With the advent of these severe weather patterns, outdoor travelers should remain vigilant of the possibility for lightning strikes. Whether biking, hiking or on the water for any purpose, danger is omnipresent at this time of year. Get off the mountaintops, lakes, streams or rocks at the first hint of thunder and there will always be another day to enjoy.
Back to camp
"We now no longer camp as for a night, but have settled down on earth and forgotten heaven" - Henry David Thoreau
I've spent most of the past week in camp, traveling through a series of lakes, rivers and ponds, where I discovered there is still a little bit of that forgotten heaven. My days have been full of paddling, fishing, hiking and swimming, while my evenings were spent around the campfire, telling tales, sharing laughs and shivering to ghost stories.
Camp is a place where we can forgive and forget the inhibitions of regular life. It is a place where we can relax and be free to shed the normal constraints of everyday society. It is a special place where we can let our guard down, be ourselves and return to our roots. We retreat to camp to escape.
Time slows down, noises become less apparent and our senses are enlivened. Life is less annoying and we are calmed. Stresses of regular life are removed as the days begin with a rising sun and depart with the arrival of heavy eyelids. In camp, a watch becomes an intrusion that's better suited for town than for the country.
An old friend and mentor once offered the finest description of camp that I have ever heard, explaining, "Camp is a place where you can spit, cuss, fart and scratch your butt in public...and nobody cares. When yer' in camp, it just don't matter no more!"
It's been great fun to share these adventures with children and to again experience the pleasures of regular camp life through a younger set of eyes. Any kid that can get away with any of the actions mentioned above, without admonishment, is bound to be in for a good time!
Kids are captivated by the simple chores of collecting firewood, starting a fire or cooking s'mores. Add in a salamander hunt, a frog safari, a bit of fishing and an evening of watching the night sky and you've got a recipe for some tired and happy kids. Falling asleep while a west wind blows, the loons wail and a coyote howls is simply a bonus to the day's adventures.
I have slept with my back to the earth for six out of the last seven days, and I found the experience to be very good for the soul. It is an incredibly intimate experience to sleep in an open camp, with the wind blowing through the trees, the stars sparkling in the night sky and the gentle lap of waves along the shore. In a word, I was "grounded" again and I am better adjusted to life for the experience.
Over the past week, I have camped and fished through the Saranac Lakes, the St. Regis Lakes, the Bog River, Lows Lake and Hitchens Pond. I found the Saranacs rather quiet and the St. Regis also somewhat slow. However, the vast Bog River Wilderness was packed with travelers seeking solitude, which appeared to be in very limited supply.

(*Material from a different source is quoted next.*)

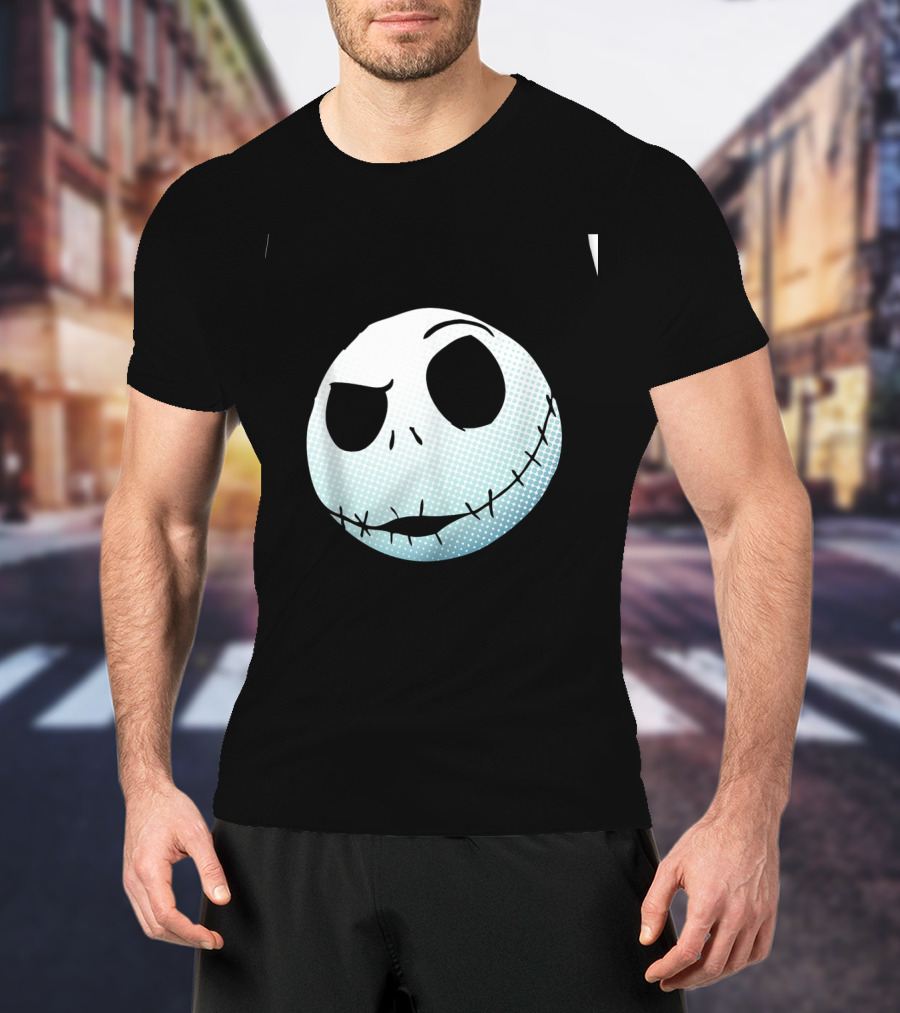 Disney Nightmare Before Christmas Jack Skellington White Smiling Face T-Shirt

Regardless of the human traffic, the fishing has been excellent for bass due to a series of passing low-pressure systems. During these 'Dog Days of Summer,' a favorite activity is to pursue bass with a flyrod, in the early hours of the evening. Bumblebee pattern poppers have proven quite effective of late, especially when nothing else seems to work. When the waters grow flat and still, spin fishermen will find similar results with surface lures such as Little Torpedos or Hula-poppers.
Fishing, swimming and camping are some of the finest 'kid friendly' activities available and the current conditions are possibly the most conducive of the season. Taking a kid outdoors, whether for the day or a couple of nights is one of the least expensive methods of fostering an appreciation of the environment and cementing family bonds. Surveys regularly reveal that a 'camping trip' is commonly reported as the most indelible memory of our youth.

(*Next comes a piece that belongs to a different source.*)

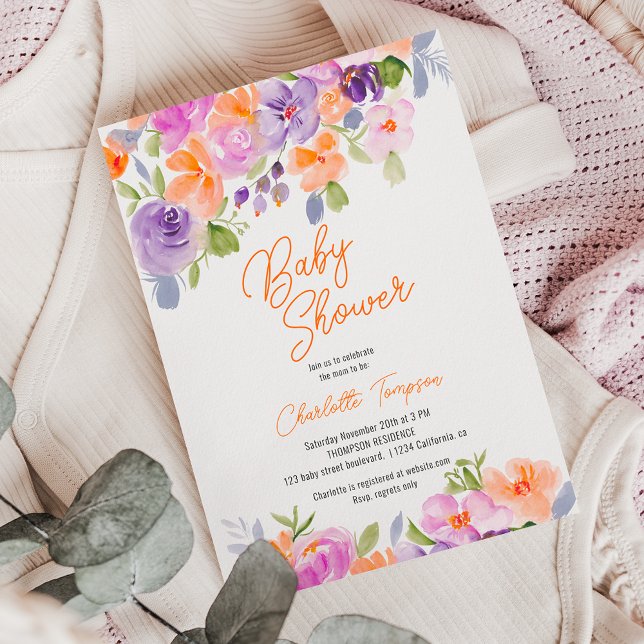 Söt lila orange blommigt -manusdusch för babydusch inbjudningar (Pretty purple orange floral script baby shower invitation)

New tools for hunters, hikers, skiers and anglers
Outdoor enthusiasts will find a new tool to help plan trips in the Forest Preserve at DEC's Mapping Gateway. The website provides information that allows the public to use Google Earth and other mapping tools to find trails and learn more about the state lands that surround them.

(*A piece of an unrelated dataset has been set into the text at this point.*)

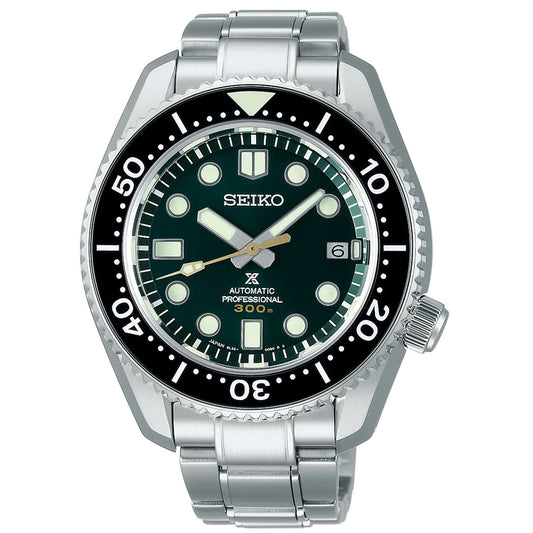 This Seiko Prospex 140th Anniversary Limited Edition Automatic Watch combines innovative technology with a silver case, a black bezel, and a captivating green dial. The luminous hour markers enhance visibility, and the date display at 3 o'clock offers added convenience. A durable stainless steel bracelet complements this automatic professional watch, rated for depths up to 300 meters.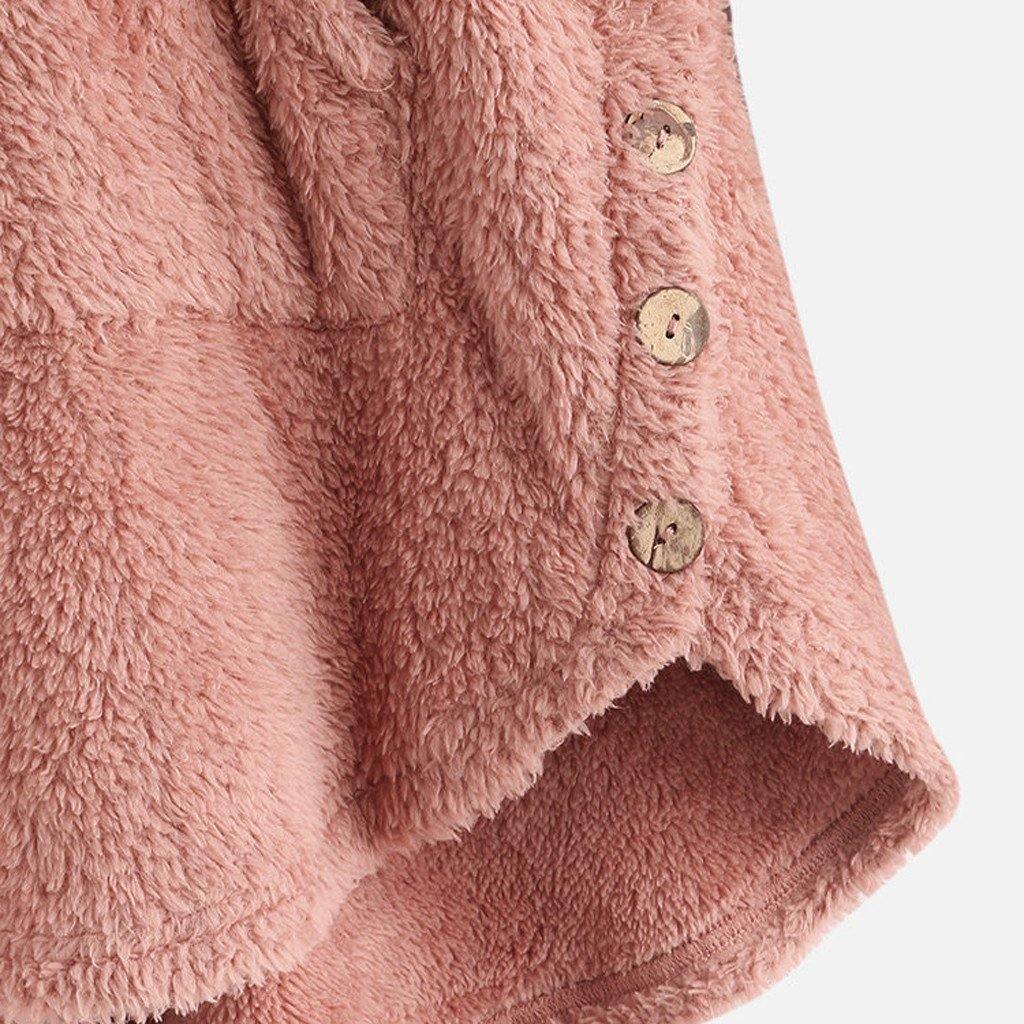 Sudaderas con capucha de gran tamaño para mujer camisetas tops Botón asimétrico - MXbueno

DEC's Mapping Gateway combines existing web mapping applications and map collections with new offerings, such as a full-featured, interactive data inventory and map viewer. DEC continues to expand the availability of "Virtual Globe" data at http://www.dec.ny.gov/pubs/42978.html that provide a variety of interactive aerial map representations using virtual globe software such as Google Earth.
The Mapping Gateway also offers an extensive series of depth charts that are a valuable tool for anglers. Many local waters are featured, including several backwoods ponds.
Additional new features offer information on boating, bird watching, hunting and accessibility to other state lands.
Instructions are available on the DEC website for those needing information about how to download and use the Google Earth software.